**DATA FOR PROCESSING:**
■ ■ ■ ■ ■
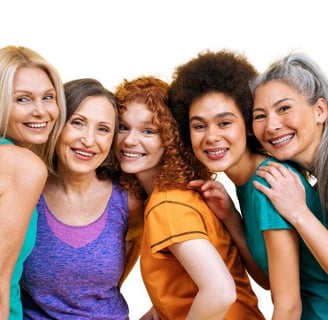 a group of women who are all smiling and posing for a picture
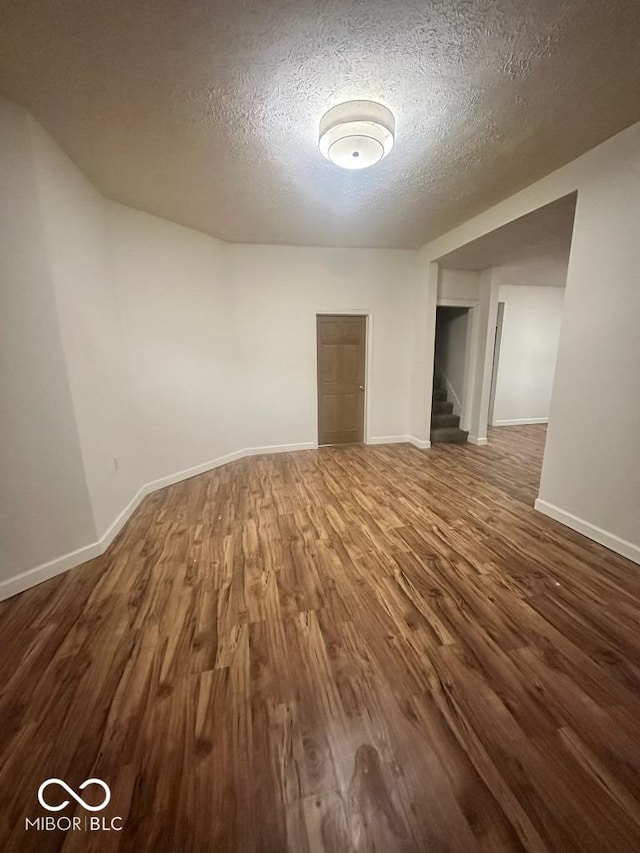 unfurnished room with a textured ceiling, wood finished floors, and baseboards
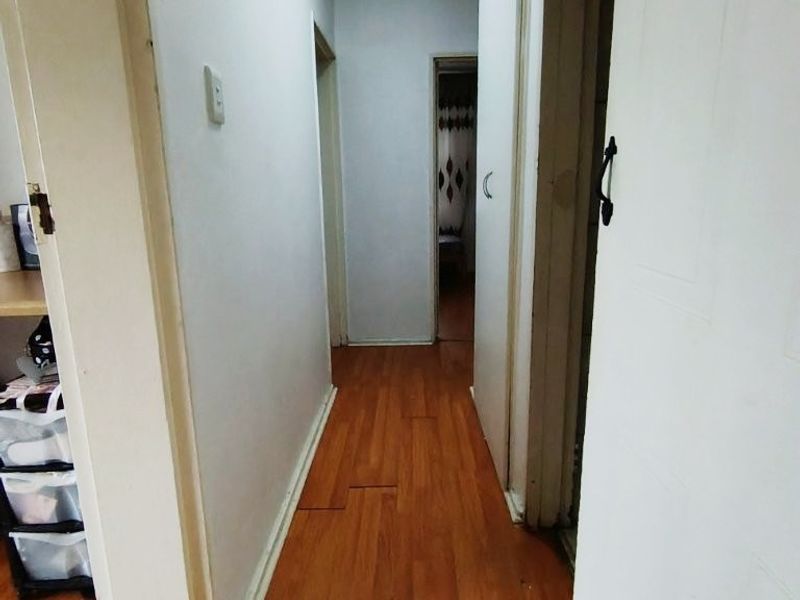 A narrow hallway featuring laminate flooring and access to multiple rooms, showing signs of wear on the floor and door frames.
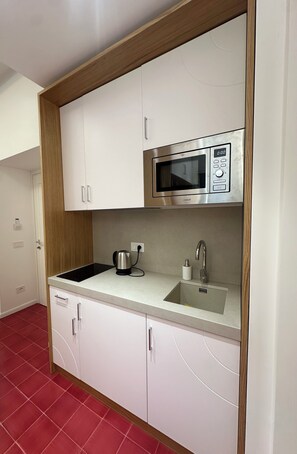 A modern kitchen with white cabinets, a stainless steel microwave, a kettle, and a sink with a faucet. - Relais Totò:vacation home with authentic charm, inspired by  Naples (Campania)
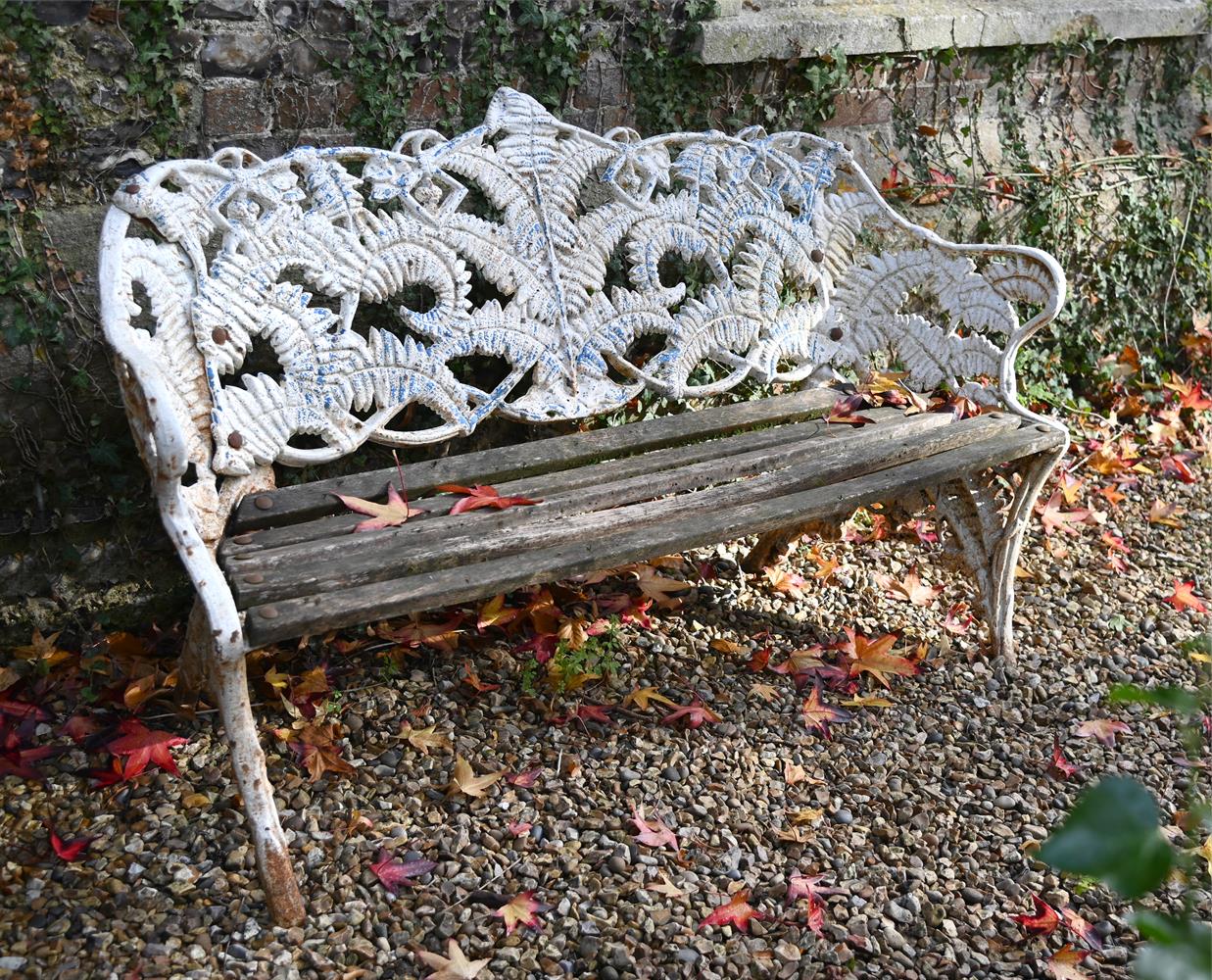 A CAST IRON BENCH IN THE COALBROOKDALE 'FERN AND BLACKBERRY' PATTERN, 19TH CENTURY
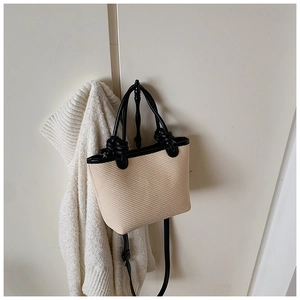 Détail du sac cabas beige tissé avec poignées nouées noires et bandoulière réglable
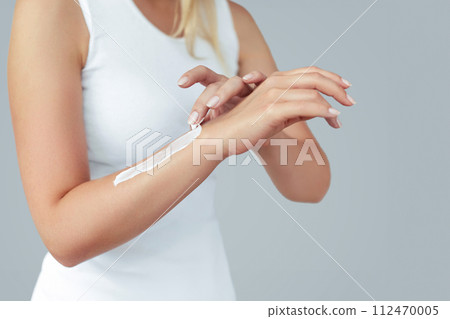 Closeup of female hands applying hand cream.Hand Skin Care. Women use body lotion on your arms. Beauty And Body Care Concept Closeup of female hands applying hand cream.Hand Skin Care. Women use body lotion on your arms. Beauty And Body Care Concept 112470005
■ ■ ■ ■ ■
**WHAT YOU HAVE TO DO:**
Having located the line with "A modern kitchen", transcribe exactly and only the lines from it to the final line of the material, skipping the pictures.

**ANSWER AREA:**
 A modern kitchen with white cabinets, a stainless steel microwave, a kettle, and a sink with a faucet. - Relais Totò:vacation home with authentic charm, inspired by  Naples (Campania)
 A CAST IRON BENCH IN THE COALBROOKDALE 'FERN AND BLACKBERRY' PATTERN, 19TH CENTURY
 Détail du sac cabas beige tissé avec poignées nouées noires et bandoulière réglable
 Closeup of female hands applying hand cream.Hand Skin Care. Women use body lotion on your arms. Beauty And Body Care Concept Closeup of female hands applying hand cream.Hand Skin Care. Women use body lotion on your arms. Beauty And Body Care Concept 112470005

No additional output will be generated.